Entre 1904 et 1907, Gauderique Tixeyre fut un acteur remarqué du mouvement ouvrier dans la région d’Issoudun (Indre) où il était journalier agricole et domestique de ferme. Syndicaliste CGT, secrétaire d’un groupe de Jeunesse syndicaliste rassemblant une quarantaine de membres, militant présent dans de nombreuses réunions publiques, socialiste (Parti Socialiste Français) en 1903 puis membre de la direction départementale du PSU-SFIO en 1906, exclu suite à son affrontement avec le député-maire d’Issoudun (Jacques Dufour), Gauderique Tixeyre publia de nombreux articles dans la presse socialiste locale. Fiché par la police, attaqué par les conservateurs, « interdit professionnel » dans les fermes, ami de Paul Meunier (secrétaire de l’Union locale CGT d’Issoudun), correspondant de Gustave Hervé et d’Albert Thomas, il quitta Issoudun vers la fin de 1907. Il avait alors 27 ans et aucune source ne permet de rendre compte de la suite de sa vie.

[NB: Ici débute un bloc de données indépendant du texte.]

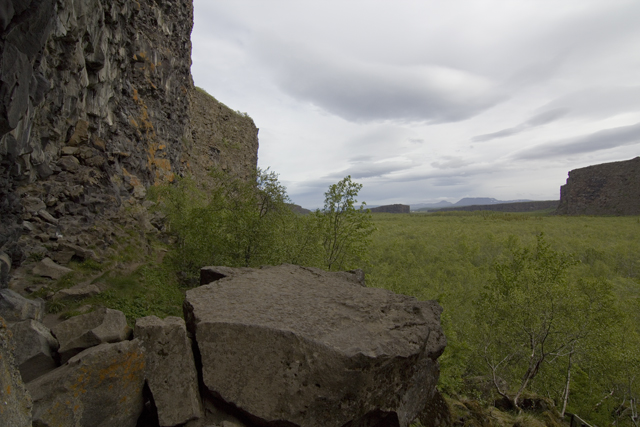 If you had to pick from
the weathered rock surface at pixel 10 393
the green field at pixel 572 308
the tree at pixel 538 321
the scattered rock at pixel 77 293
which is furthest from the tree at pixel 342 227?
the weathered rock surface at pixel 10 393

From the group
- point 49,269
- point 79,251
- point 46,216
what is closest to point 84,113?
point 46,216

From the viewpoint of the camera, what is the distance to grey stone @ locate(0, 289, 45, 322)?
546cm

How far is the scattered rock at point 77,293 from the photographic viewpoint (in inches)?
288

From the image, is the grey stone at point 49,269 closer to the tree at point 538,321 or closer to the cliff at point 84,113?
the cliff at point 84,113

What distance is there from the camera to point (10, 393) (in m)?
2.82

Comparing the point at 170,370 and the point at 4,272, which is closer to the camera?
the point at 170,370

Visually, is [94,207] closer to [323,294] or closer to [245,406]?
[323,294]

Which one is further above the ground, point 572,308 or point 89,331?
point 89,331

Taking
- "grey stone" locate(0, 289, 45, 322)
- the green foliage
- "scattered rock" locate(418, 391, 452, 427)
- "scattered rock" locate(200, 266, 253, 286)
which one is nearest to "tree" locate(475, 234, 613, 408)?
"scattered rock" locate(418, 391, 452, 427)

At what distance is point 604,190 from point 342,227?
6698 centimetres

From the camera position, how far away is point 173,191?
15859mm

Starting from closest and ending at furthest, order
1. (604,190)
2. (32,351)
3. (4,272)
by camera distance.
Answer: (32,351) → (4,272) → (604,190)

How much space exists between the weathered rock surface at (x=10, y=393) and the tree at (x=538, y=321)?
10708 mm

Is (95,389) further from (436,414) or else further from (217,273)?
(436,414) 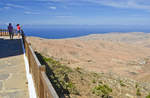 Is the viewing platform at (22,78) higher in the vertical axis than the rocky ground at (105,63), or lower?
higher

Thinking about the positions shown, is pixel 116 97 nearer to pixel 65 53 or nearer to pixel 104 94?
pixel 104 94

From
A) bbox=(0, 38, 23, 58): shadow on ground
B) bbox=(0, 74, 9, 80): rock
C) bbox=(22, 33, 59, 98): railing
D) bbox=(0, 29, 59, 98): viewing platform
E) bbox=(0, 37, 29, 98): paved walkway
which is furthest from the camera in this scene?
bbox=(0, 38, 23, 58): shadow on ground

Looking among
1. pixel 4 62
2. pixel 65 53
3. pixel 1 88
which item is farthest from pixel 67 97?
pixel 65 53

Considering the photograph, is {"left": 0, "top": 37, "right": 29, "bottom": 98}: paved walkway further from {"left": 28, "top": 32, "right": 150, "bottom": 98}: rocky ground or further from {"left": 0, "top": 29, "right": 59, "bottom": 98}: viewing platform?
{"left": 28, "top": 32, "right": 150, "bottom": 98}: rocky ground

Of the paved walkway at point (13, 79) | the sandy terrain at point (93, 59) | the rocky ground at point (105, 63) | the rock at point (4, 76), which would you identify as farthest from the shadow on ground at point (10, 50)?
the sandy terrain at point (93, 59)

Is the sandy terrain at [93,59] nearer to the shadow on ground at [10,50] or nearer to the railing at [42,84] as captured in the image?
the shadow on ground at [10,50]

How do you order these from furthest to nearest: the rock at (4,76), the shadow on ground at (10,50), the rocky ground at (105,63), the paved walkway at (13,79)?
the rocky ground at (105,63)
the shadow on ground at (10,50)
the rock at (4,76)
the paved walkway at (13,79)

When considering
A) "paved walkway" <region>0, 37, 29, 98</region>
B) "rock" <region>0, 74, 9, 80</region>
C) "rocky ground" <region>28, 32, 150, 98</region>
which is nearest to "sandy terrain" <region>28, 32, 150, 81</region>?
"rocky ground" <region>28, 32, 150, 98</region>

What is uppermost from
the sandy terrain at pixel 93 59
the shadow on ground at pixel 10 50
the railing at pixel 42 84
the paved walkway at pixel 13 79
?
the railing at pixel 42 84

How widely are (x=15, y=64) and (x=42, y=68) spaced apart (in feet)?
20.5

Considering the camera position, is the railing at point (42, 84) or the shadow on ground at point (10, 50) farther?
the shadow on ground at point (10, 50)

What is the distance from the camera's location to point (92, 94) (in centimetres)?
983

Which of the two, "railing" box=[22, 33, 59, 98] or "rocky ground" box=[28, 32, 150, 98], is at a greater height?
"railing" box=[22, 33, 59, 98]

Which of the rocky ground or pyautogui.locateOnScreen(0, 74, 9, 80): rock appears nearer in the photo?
pyautogui.locateOnScreen(0, 74, 9, 80): rock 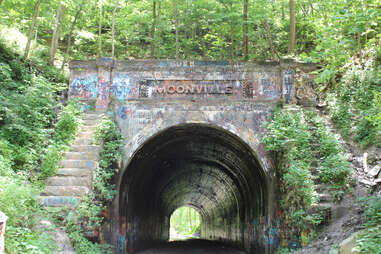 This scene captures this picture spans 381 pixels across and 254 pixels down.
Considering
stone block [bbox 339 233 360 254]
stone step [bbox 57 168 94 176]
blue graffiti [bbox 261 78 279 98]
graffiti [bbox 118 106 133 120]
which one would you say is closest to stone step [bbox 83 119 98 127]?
graffiti [bbox 118 106 133 120]

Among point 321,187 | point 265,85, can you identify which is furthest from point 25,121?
point 321,187

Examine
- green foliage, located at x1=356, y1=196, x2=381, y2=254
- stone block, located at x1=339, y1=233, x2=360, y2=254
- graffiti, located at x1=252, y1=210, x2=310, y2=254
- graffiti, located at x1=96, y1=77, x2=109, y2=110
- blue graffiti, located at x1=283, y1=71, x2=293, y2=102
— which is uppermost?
blue graffiti, located at x1=283, y1=71, x2=293, y2=102

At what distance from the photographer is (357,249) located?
5.13 m

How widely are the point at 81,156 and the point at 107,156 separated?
2.34ft

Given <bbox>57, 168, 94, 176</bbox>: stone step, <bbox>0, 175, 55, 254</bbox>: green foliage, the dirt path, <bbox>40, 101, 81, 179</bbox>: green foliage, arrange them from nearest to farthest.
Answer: <bbox>0, 175, 55, 254</bbox>: green foliage
<bbox>57, 168, 94, 176</bbox>: stone step
<bbox>40, 101, 81, 179</bbox>: green foliage
the dirt path

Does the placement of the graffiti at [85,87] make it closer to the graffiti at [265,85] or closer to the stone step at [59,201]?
the stone step at [59,201]

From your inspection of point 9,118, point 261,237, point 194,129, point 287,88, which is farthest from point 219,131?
point 9,118

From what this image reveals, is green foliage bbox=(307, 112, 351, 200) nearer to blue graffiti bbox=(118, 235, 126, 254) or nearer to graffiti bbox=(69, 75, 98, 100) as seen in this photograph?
blue graffiti bbox=(118, 235, 126, 254)

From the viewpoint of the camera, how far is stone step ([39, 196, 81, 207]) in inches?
306

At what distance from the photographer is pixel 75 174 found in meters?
8.70

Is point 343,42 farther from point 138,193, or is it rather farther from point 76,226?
point 138,193

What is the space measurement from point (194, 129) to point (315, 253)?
560cm

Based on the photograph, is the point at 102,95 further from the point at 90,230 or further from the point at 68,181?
the point at 90,230

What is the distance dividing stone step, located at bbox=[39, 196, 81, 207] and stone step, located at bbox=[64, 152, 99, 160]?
5.04ft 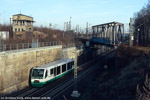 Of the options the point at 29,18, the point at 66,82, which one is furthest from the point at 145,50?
the point at 29,18

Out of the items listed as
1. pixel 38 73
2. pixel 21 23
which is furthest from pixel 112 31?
pixel 38 73

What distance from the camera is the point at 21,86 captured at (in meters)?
19.8

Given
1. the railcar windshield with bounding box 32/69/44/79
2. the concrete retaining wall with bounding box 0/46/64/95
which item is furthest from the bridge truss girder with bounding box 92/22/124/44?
the railcar windshield with bounding box 32/69/44/79

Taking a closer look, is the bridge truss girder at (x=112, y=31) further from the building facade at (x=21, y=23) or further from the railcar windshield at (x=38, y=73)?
the railcar windshield at (x=38, y=73)

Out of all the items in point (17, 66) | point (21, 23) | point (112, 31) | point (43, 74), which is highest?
point (21, 23)

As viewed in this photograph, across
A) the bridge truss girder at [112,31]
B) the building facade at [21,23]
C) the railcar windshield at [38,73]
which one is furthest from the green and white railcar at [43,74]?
the building facade at [21,23]

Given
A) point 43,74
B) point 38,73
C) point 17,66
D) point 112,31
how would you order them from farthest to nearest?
point 112,31 → point 17,66 → point 38,73 → point 43,74

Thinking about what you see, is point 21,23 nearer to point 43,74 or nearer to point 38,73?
point 38,73

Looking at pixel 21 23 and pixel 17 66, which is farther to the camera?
pixel 21 23

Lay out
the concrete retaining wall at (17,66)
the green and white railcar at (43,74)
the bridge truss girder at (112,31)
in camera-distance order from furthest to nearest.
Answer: the bridge truss girder at (112,31), the green and white railcar at (43,74), the concrete retaining wall at (17,66)

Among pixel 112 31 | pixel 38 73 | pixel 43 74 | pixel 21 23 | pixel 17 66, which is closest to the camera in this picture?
pixel 43 74

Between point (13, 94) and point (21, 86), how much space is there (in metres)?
2.35

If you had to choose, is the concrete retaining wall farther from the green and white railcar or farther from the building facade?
the building facade

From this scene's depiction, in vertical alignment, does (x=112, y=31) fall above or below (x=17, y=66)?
above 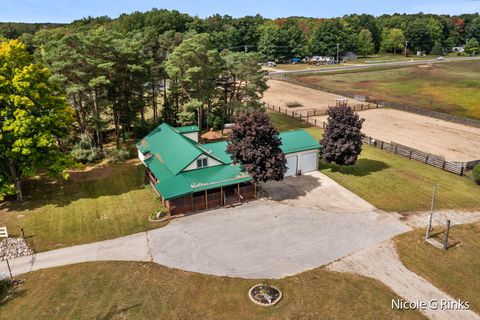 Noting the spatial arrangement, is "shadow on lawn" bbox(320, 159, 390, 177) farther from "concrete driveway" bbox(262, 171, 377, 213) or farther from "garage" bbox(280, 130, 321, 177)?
"concrete driveway" bbox(262, 171, 377, 213)

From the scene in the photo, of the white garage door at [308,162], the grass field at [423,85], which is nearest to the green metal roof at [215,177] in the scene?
the white garage door at [308,162]

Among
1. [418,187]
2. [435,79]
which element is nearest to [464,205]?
[418,187]

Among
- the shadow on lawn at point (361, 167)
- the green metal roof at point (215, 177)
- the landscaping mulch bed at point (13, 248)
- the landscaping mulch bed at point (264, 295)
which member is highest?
the green metal roof at point (215, 177)

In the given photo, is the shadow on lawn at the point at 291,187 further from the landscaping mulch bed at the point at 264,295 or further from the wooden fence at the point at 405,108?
the wooden fence at the point at 405,108

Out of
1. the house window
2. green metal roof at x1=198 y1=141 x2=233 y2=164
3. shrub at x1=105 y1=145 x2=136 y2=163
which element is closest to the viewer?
the house window

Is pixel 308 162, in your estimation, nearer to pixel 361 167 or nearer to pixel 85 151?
pixel 361 167

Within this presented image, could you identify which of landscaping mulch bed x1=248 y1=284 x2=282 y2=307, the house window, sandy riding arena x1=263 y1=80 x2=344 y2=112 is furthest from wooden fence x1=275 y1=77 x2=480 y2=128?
landscaping mulch bed x1=248 y1=284 x2=282 y2=307

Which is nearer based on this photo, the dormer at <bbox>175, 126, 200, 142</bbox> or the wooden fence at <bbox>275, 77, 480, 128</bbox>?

D’où venait-il ? Une fiche de police, rédigée en 1907 à Issoudun, le disait né à Rodès (Pyrénées Orientales) en 1880. Il naquit effectivement dans cette commune rurale de l’arrondissement de Prades alors peuplée d’environ 600 habitants, le 10 mars 1880 et était le fils de Julien Tixeyre (né en 1847) et de Rose Moulard (née également en 1847). Le père, cultivateur et propriétaire, avait la particularité d’être, à la naissance de son fils, adjoint au maire de la commune et deviendra maire peu de temps après jusqu’en mai 1884. A la suite des élections municipales, il fut remplacé par Jacques Catala. La famille Tixeyre avait déjà donné deux maires à la commune (Joseph en 1848 et 1849 au début de la Seconde République et Isidore de 1874 à 1878).
La famille Tixeyre prit part au fort courant migratoire qui se manifestait alors dans le Roussillon (entre autres) vers l’Argentine. Des documents administratifs attestent de la présence à Cordoba (Argentine) le 16 janvier 1889 de la famille Tixeyre ; du moins une partie de la famille : le père Julien (qui n’était plus maire de sa commune depuis quatre ans) et trois enfants (Rose née en 1869, Joseph né en 1872 et Julien né en 1874). Il faut donc supposer que Rose, la mère de famille, était restée à Rodès avec les trois plus jeunes enfants : Gauderique né en 1880, Etienne né en 1883 et Marie-Hélène née en novembre 1886. Cette seconde partie de la famille rejoindra l’Argentine puisque, de l’aveu même de Gauderique Tixeyre aux gendarmes issoldunois en 1904, c’était bien dans ce pays qu’il avait passé une partie de son enfance. Probablement une bonne dizaine d’années entre les dates extrêmes de 1886 et 1901.
Que se passa-t-il en Argentine ? Toute la famille était-elle revenue en France ? Le seul fait attesté fut la présence de Gauderique Tisseyre à la prison de Loches fin 1901 (Feuille d’écrou de la prison de Loches (Indre-et-Loire), n° d’ordre 610 : « Tixeyre Gaudérique, né le 10 mars 1880 à Rodès (66), son père Julien, sa mère Rose Moulard, ; profession journalier ; sans domicile fixe ». Cote/ source 2Y290 (Archives dép. Indre-et-Loire, Tours). De décembre 1901 à février 1902, le SDF Tisseyre (il ne s’en vantera jamais) était donc emprisonné à Loches (pour délit de vagabondage ?). L’étape suivante sera Vierzon (Cher) où, aux dires de ce jeune homme alors âgé de 21 ans, il était ouvrier agricole et militant socialiste.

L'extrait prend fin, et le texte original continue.